We prefer slow travel too, so 19 days/nights would be three places at most, probably two.

Posted by
6901 posts

Parking in Annecy is expensive but availability is not an issue in September, and a car there is very useful to visit the lake - Annecy itself can be visited on foot in a couple of hours, no more.

As for driving through Switzerland: the toll sticker can be bought at the border crossing just before Basel. Then, while in Switzerland, religiously follow the speed limits! Fines are very high if you do not.

On second thought, I would skip Nice as well and stick with the Avignon area to minimize travel times.

Posted by
89 posts

Thank you, Balso! Very excellent information!

So I think we have settled on an itinerary. Would like to buy the plane tickets in the next few days.
Fly into Geneva - immediately bus to Annecy.
1) Annecy. 4 nights. Rent car for at least 1, preferably 2 of the days. Daytrip to Chamonix and hopefully at least two alpine hikes, weather permitting. This will be the first week of September.
2) Annecy - Lyon. 2 nights. To break up train ride Annecy-Nice. I know absolutely nothing about Lyon, but I will learn.

3) Lyon - Villefranche, 3 nights. An easy 5 hour train ride, it seems. Originally we were going to fly Geneva - Nice, but with Covid-19 possible hassles, the border crossings, the chaos at the airports right now, and the dimension and weight requirements of carry-on luggage, we opted to stop in Lyon (or somewhere) to avoid the plane travel this trip. We are staying with family in Villefranche, so this is a must stop. But we have been there before three times, so three nights is sufficient.
4) Villefranche - Avignon. 2 nights. Train is an easy approximate 3 hours, I think.

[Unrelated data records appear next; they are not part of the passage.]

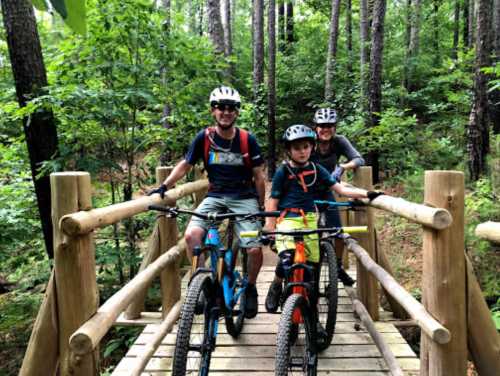 A family of three on mountain bikes stands on a wooden bridge in a lush, green forest.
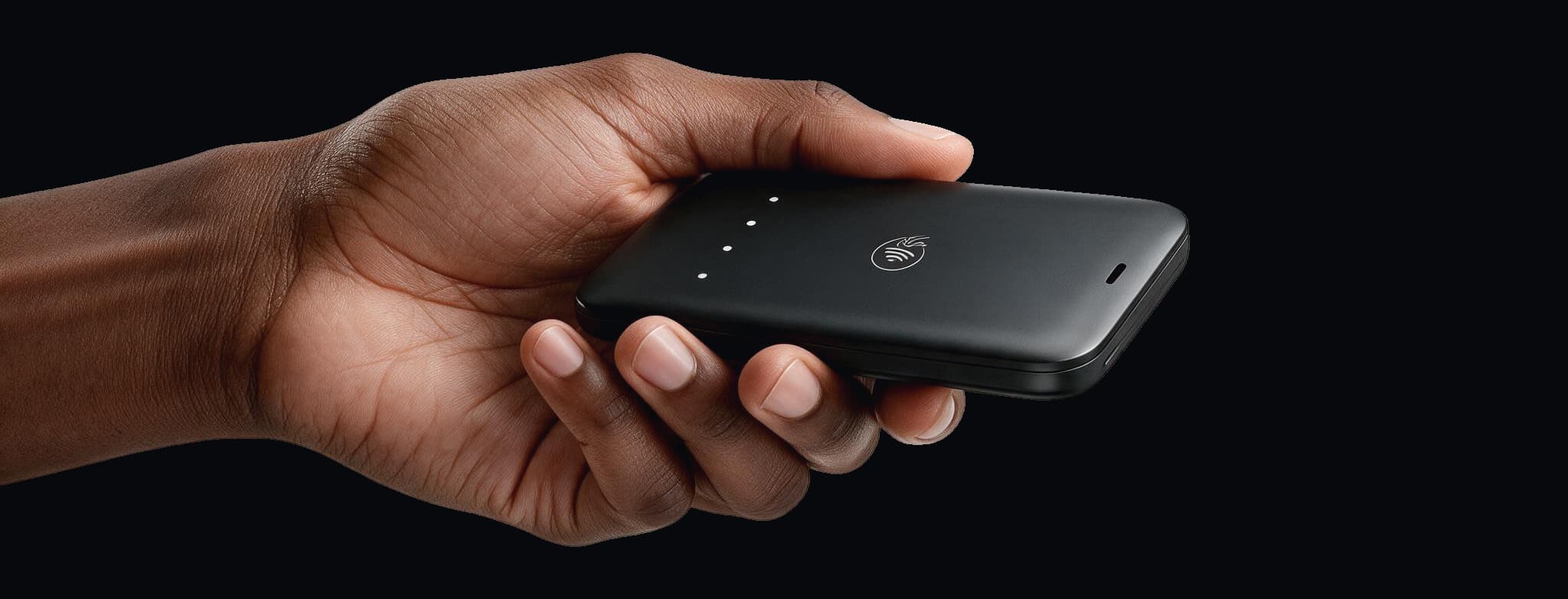 A hand reaching in from the left holding the Final Move reader flat on its palm, on a near-black ground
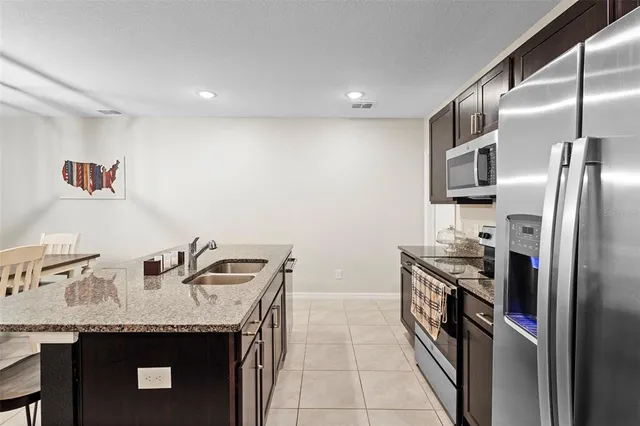 a kitchen with granite countertop a sink stove and refrigerator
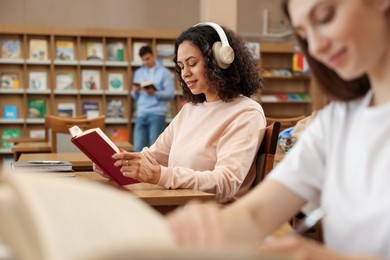 Photo of People studying in public library, selective focus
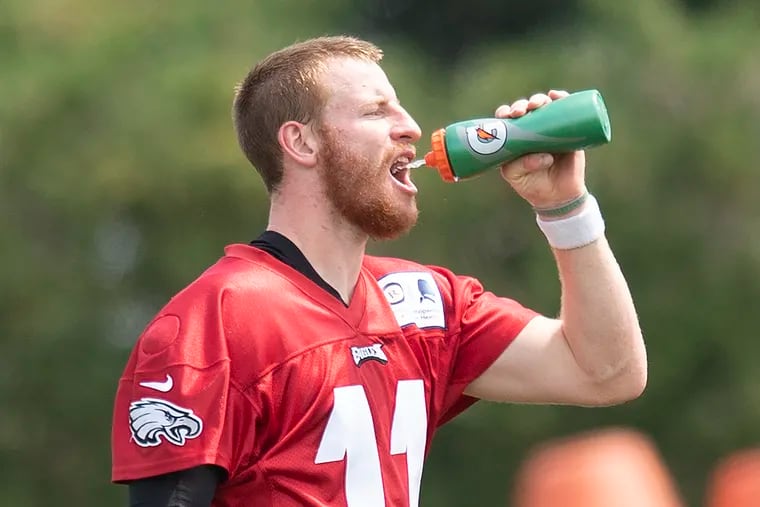 Eagles quarterback Carson Wentz cools off  during practice Tuesday. It's still not certain whether he'll play at all in Thursday's first preseason game.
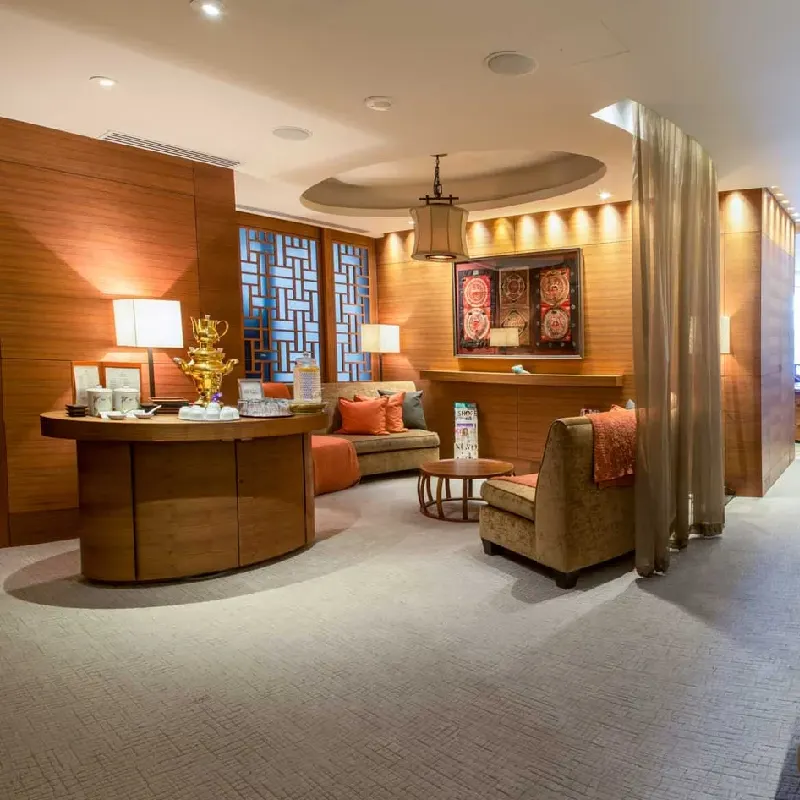 subtly patterned wall-to-wall carpet in a warm, wood-paneled lounge.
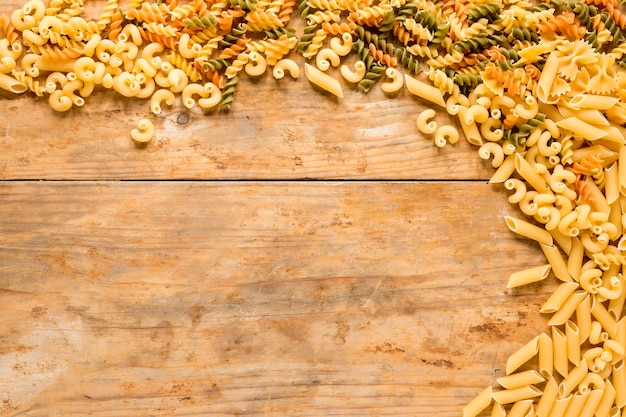 High angle view of various types of uncooked pasta on wooden desk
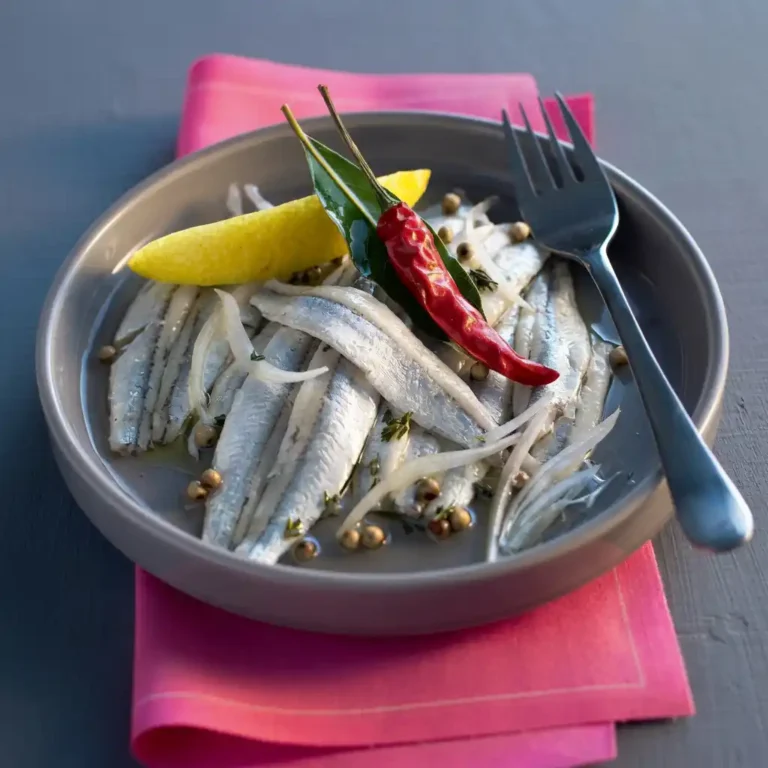anchois marinés​ au vin blanc dans une terrine, nappés d'huile d'olive et de thym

5) Avignon - Carcassonne. 1 night. Easy 4 hour train ride, I think. I do not love one nighters, ever. But we need to break up the Villefranche-Sarlat travel. And this looks like a spectacular place, especially at night. (OPTION WOULD BE RENT CAR IN AVIGNON AND DRIVE TO SARLAT AND SKIP CARCASSONNE, BUT NOT SURE OF DRIVING TIME/SKILL REQUIRED FOR THIS ROUTE)
6) Carcassonne - Sarlat. 3 nights. Pick up rental car in Carcassonne and drop it off in Sarlat or Bordeaux? Preferably in Sarlat to avoid driving in Bordeaux!? Again, want to avoid driving in a big city.
7) Sarlat - Bordeaux. 2 nights. Flying home from Bordeaux. Again, I have done ZERO research on Bordeaux so far. St. Emilion looks amazing.

So we dropped of Colmar and the Alsace region, which I was very sad about. But something had to go, i guess. We will come back for Alsace, Normandy and French Basque next trip.
This will be our 7th Europe trip. They have all been "whirlwind" trips, except for once when we rented apartments for two week long stays. I actually prefer the whirlwind style, although it is a VERY fine line of how fast is too fast. One-nighters, generally speaking, are not pleasant and not fair to the destination nor the traveler, in my experience. Four nights, for us, is the sweet spot because we get a good flavor and general idea of the destination, but we always want to return and further explore in the future. However, we have never traveled by car before, so maybe car travel will be more flexible and less hectic in some respects? We will find out!
If anyone has any input on this (still whilrwind, I know) itinerary, I would LOVE to hear it!

THANK YOU, EVERYONE!!

Posted by
6901 posts

Definitely spend a third night in Avignon and just one night in Carcassonne (it's quick to visit!).
Look up car rental options in Carcassonne : if you find something you like, it is better than renting Avignon (where you don't need a car if you just stay for 2 days), but options in Carcassonne could be limited.
And return the car in Bordeaux because options in Sarlat are very limited. The train station in Bordeaux is not very central, so driving there to drop off is not too bad! Also, you could stop in St Émilion on the way to Bordeaux.

Overall it is still a fast-paced trip - a 4th night in Sarlat would be helpful - but I have seen worse.

Posted by
89 posts

Thank you, Balso, again, for the great advice. I am going to try to add an additional night in Sarlat and/or Avignon. If I can only choose one, which would you recommend? Or should I change Lyon and/or Bordeaux to one night stops to add a night to Avignon and Sarlat maybe? And THANK YOU for the car return information. We will return the car in Bordeaux, then! That helps!